Closed goaaron closed 5 years ago
There is no straightforward interface for that. The easiest way is to manually initialize the relation embeddings, and then follow the fine-tune procedure.
Could you describe in what case you need such interface? If it is general, we will consider it in the update of our interface.
Thanks for that! My inputs entities are effectively innumerable, so I want to be able to reason over substitutable embeddings rather than hard-coding an entity name/id in the triplets. I don't know how else I would go about that.
Ok. So you have all entity embeddings and you can't afford training them together. How large is that? You are going to split the large graph into small subsets, and you would like to train on each subset, with fixed entity embeddings for each subset and shared relation embeddings across subsets, right?

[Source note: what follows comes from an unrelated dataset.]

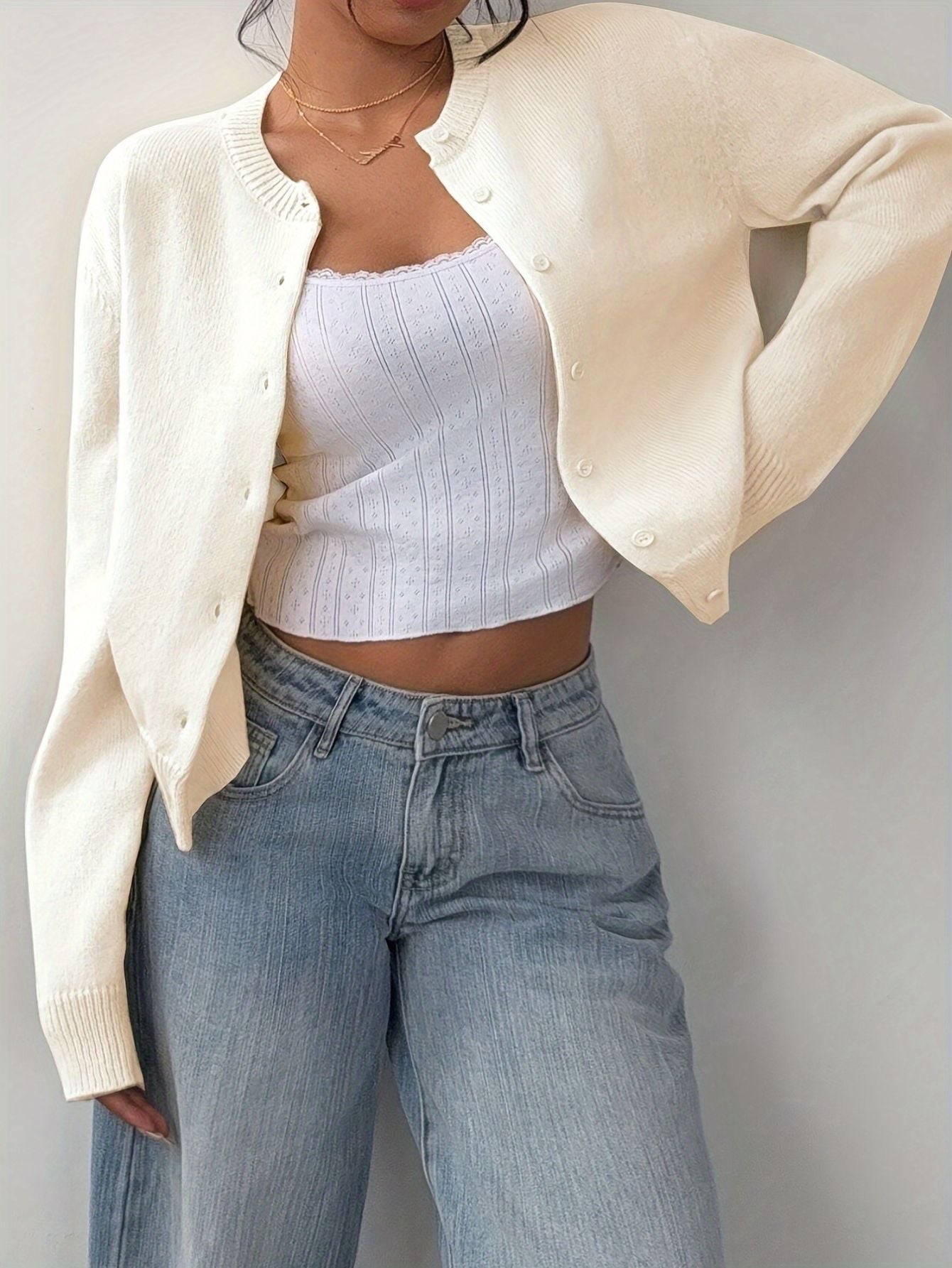 Beige Button Up Cardigan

Yes, I can't retrain those embeddings. I've embedded ~10million entities, but really am only concerned with a smaller subset on the order of 10k in the immediate. Eventually I would want to share those relations across the full graph.
Can I suppose that you only need to fix the entity embeddings, i.e. set lr to 0 for them? If so, we can make a separate learning rate multiplier for each kind of embeddings.

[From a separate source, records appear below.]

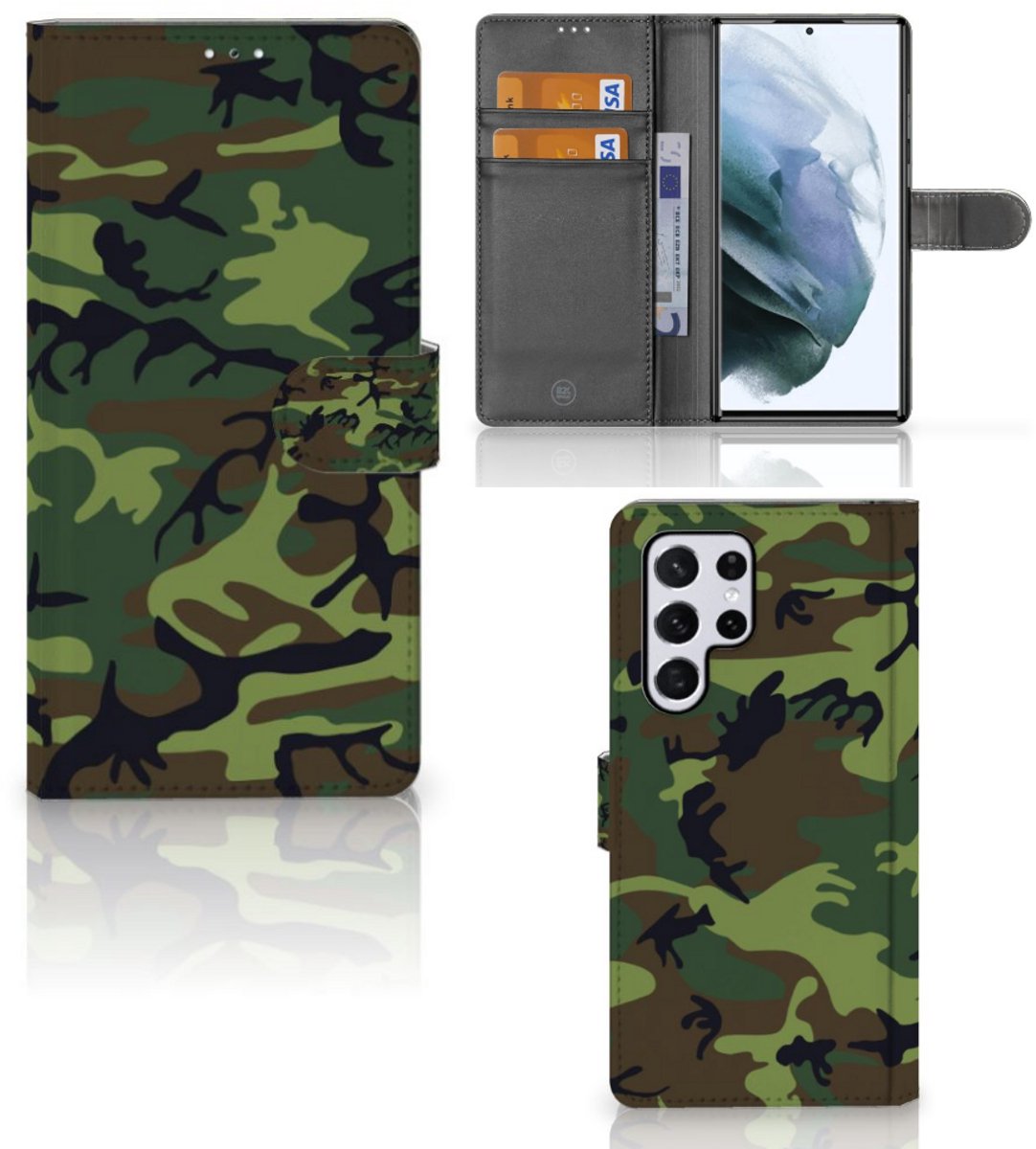 Samsung Galaxy S22 Ultra Telefoon Hoesje Army Dark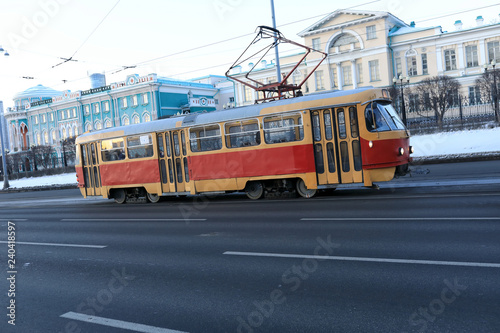 Retro tram in city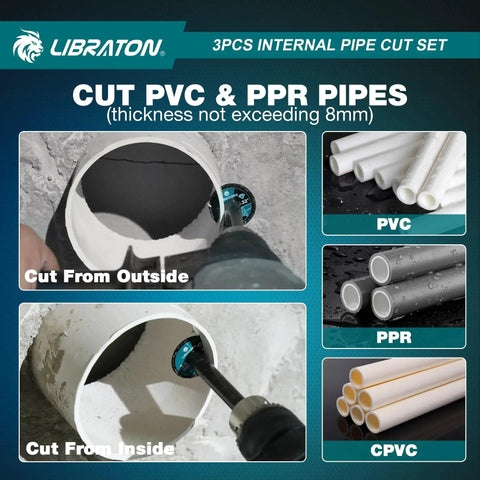 Internal PVC Pipe Cutter Kit With Diamond Grit Cutting Wheel And Deburring Tool For Impact Drivers and Drills in use cutting pipes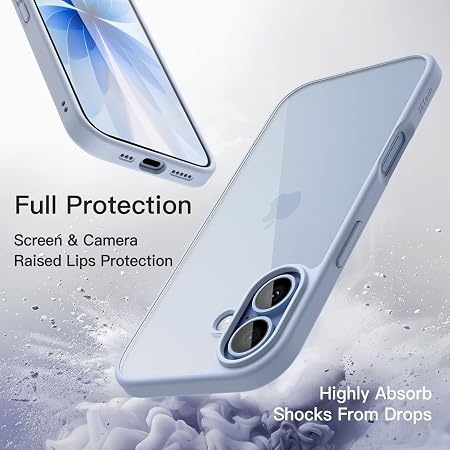 Husa de protectie JETech compatibila cu iPhone 17, protectie antisoc, spate rezistent si margini flexibile, Fog Blue / Albastru Ceata - Img 5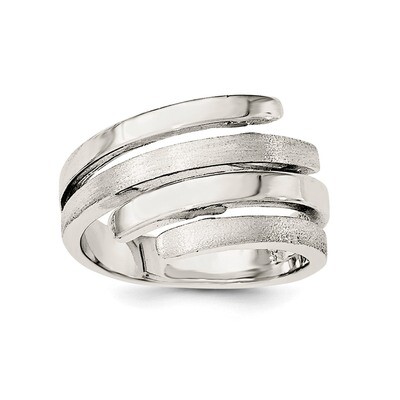 Brushed Ring Sterling Silver Rhodium-plated Polished QR6143, MPN: QR6143, 886774258843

I'm actually not too sure... I think I might want to be able to tune these embeddings with structural rules I put on after the fact--but unclear if it just makes sense to retrain full from scratch down the road when that's feasible. Either way I think being able to set the specific lr will be useful and the relation embeddings on top of relatively static entity embeddings will be helpful.
Ok. We'll consider separate initialization and lr for different embeddings.
Is there a simple way to seed a pretrained entity encoding before learning relation embeddings?